Zuma spoke after the ANC announced it would hold a parliamentary vote
of no confidence in him on Thursday. Calls for him to quit had grown
since Ramaphosa replaced him as ANC leader in December, and his fate was
sealed when the party’s National Executive Committee decided on Monday to
order him to step down.

Ramaphosa, who has served as deputy president since 2014, will become
acting president and the National Assembly must choose a replacement
for Zuma within 30 days.

Ramaphosa is likely to be elected in a
permanent capacity on Friday and deliver the State of the Nation Address
the same day. The keynote speech was postponed on February 6, two days
before Zuma was due to deliver it, due to the turmoil within the ruling
party.

Crisis warning

In an interview with the state broadcaster earlier on Wednesday, Zuma
strongly criticised the ANC’s decision to remove him, calling it
“unfair”, and said, “I think we are being plunged into a crisis that I
think my comrades will not be able to handle”.
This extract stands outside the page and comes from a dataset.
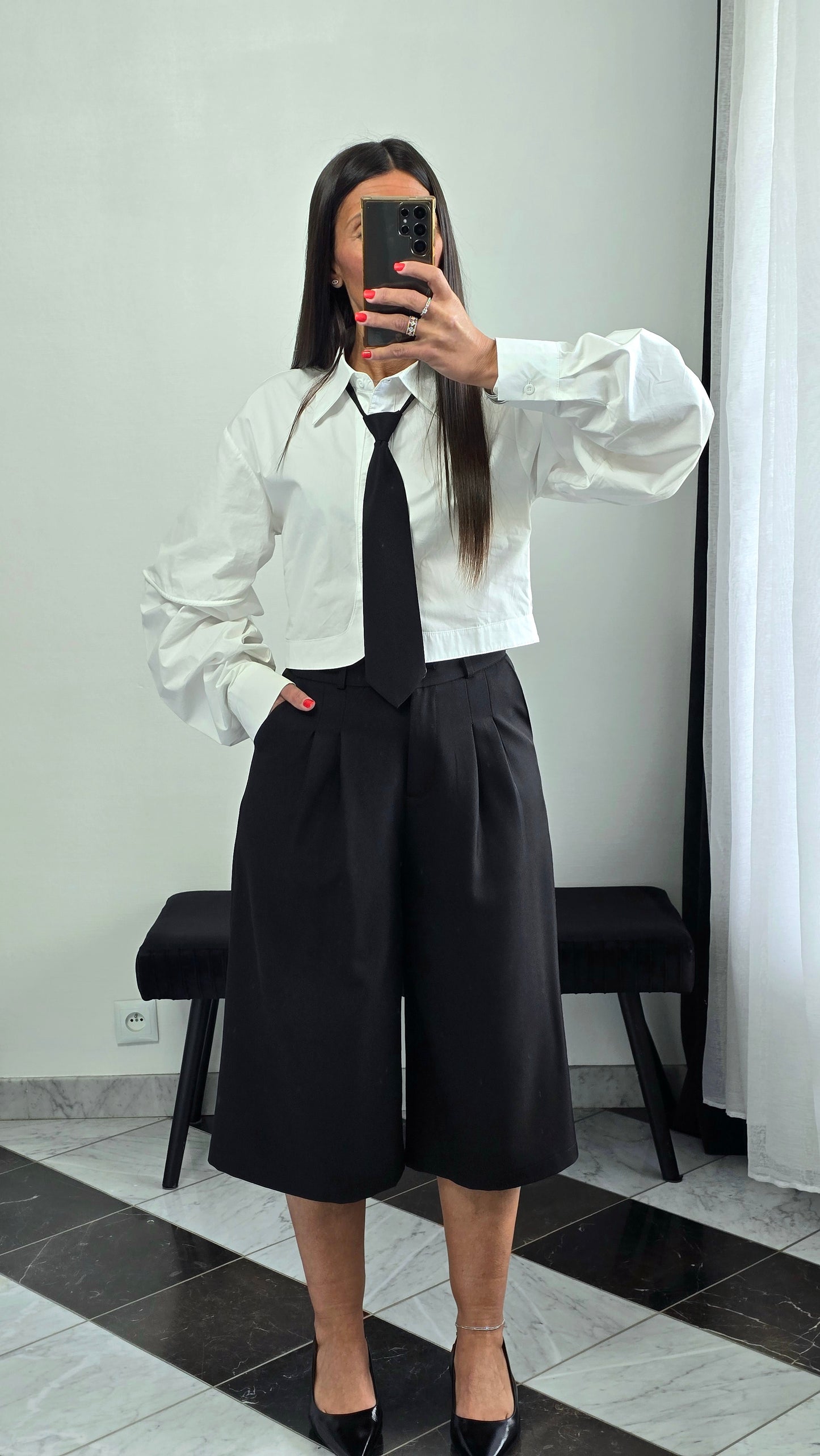 Chemise crop avec cravate amovible – blanc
The resignation gives Ramaphosa, 65, more time to convince voters
before elections next year that he’s committed to meeting his pledges to
rebuild a battered economy and clamp down on the corruption that critics say
has become synonymous with the Zuma era.

While Zuma’s cabinet doesn’t have to resign, Ramaphosa will be able
to hire and fire ministers as he sees fit. With the National Budget due
to be presented to Parliament on February 21, investors will be watching to
see if he retains

Malusi Gigaba as his finance minister.

Zuma, 75, has spent years fending off allegations that he took bribes
from arms dealers and enabled members of the Gupta family, who are one
of his son’s business partners, to influence cabinet appointments and
loot billions of rand from state companies.

Gupta raid

His resignation came just hours after the Hawks, a police
investigative unit, raided the Gupta family’s Johannesburg residence.
One of the Gupta brothers and four other suspects were arrested in
connection with the alleged shifting of funds from a failed state-funded
dairy project and are due to appear in court on Thursday,
Johannesburg’s City Press newspaper reported.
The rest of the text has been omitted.